A single figure is the whole answer: the number of lines in the entries that contain "with".

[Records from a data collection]
◆ ◆ ◆ ◆ ◆ ◆ ◆

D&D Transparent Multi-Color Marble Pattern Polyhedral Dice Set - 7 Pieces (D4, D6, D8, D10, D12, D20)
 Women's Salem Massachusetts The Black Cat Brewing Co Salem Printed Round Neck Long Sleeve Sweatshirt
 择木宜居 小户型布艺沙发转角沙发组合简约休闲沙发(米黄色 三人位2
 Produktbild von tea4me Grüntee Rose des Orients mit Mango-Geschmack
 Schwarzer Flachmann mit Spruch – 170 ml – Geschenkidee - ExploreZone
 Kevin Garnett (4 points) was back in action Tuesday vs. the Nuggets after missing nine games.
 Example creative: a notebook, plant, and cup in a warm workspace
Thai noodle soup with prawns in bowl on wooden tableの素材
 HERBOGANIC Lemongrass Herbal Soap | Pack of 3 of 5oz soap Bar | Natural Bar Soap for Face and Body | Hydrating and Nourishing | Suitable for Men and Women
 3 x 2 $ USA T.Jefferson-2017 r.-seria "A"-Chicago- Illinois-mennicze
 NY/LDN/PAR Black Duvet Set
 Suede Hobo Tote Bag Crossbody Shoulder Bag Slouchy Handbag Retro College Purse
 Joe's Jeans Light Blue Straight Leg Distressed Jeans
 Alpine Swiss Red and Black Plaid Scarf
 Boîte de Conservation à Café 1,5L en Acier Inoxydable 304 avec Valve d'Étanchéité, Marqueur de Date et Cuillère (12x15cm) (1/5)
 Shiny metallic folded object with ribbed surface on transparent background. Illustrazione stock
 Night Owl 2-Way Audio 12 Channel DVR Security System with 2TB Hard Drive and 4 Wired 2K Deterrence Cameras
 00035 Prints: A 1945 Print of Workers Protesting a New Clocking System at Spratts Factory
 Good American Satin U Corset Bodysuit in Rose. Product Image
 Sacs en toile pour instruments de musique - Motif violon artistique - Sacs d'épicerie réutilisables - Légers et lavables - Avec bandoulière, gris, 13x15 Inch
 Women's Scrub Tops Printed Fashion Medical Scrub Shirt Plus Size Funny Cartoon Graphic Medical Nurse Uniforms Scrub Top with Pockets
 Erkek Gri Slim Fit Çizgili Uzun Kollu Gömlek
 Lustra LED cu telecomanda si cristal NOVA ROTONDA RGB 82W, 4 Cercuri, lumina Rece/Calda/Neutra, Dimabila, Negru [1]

◆ ◆ ◆ ◆ ◆ ◆ ◆

__OUTPUT BELOW__.
4